### DATASET EXTRACT
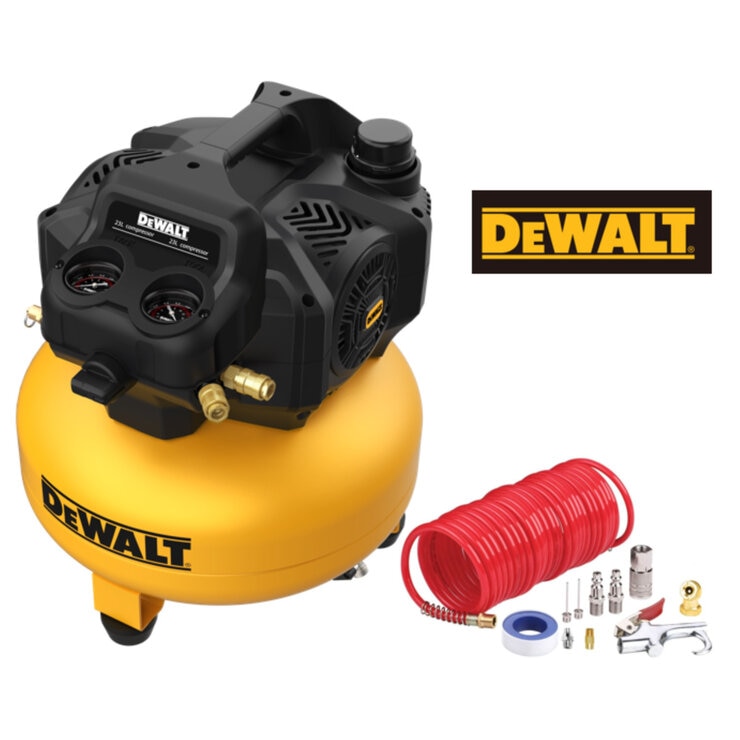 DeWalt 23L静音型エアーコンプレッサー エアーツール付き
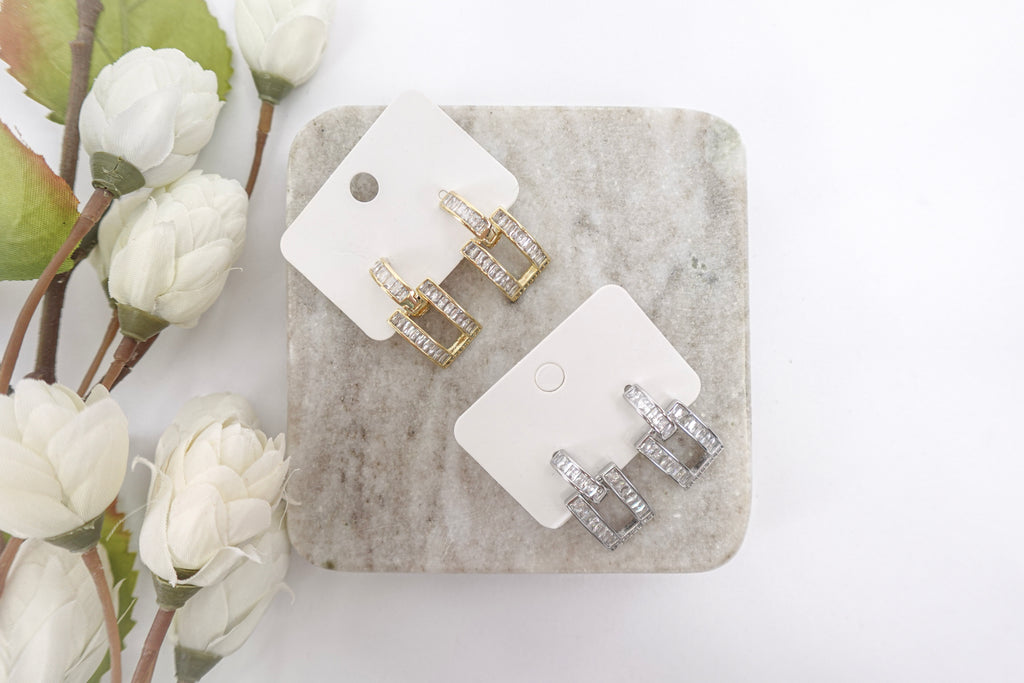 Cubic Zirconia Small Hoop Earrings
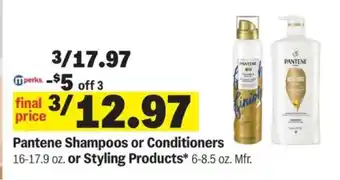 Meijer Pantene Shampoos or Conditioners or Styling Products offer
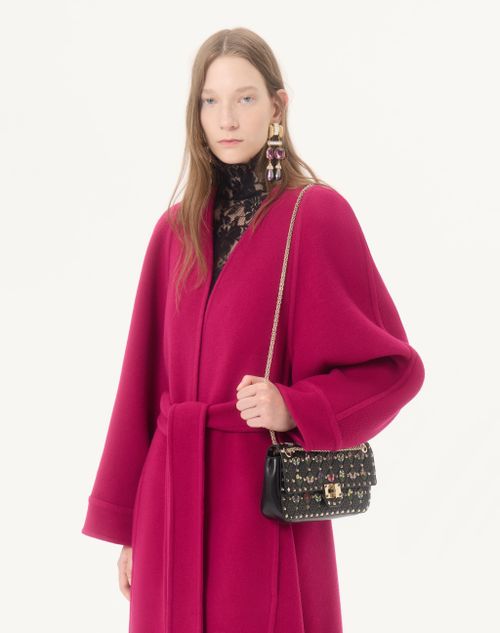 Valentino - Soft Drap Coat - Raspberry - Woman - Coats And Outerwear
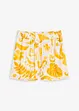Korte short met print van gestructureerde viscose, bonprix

### REQUIRED WORK
Return an exact copy of the data above, apart from any pictures.

### TASK ANSWER
 DeWalt 23L静音型エアーコンプレッサー エアーツール付き
 Cubic Zirconia Small Hoop Earrings
 Meijer Pantene Shampoos or Conditioners or Styling Products offer
 Valentino - Soft Drap Coat - Raspberry - Woman - Coats And Outerwear
Korte short met print van gestructureerde viscose, bonprix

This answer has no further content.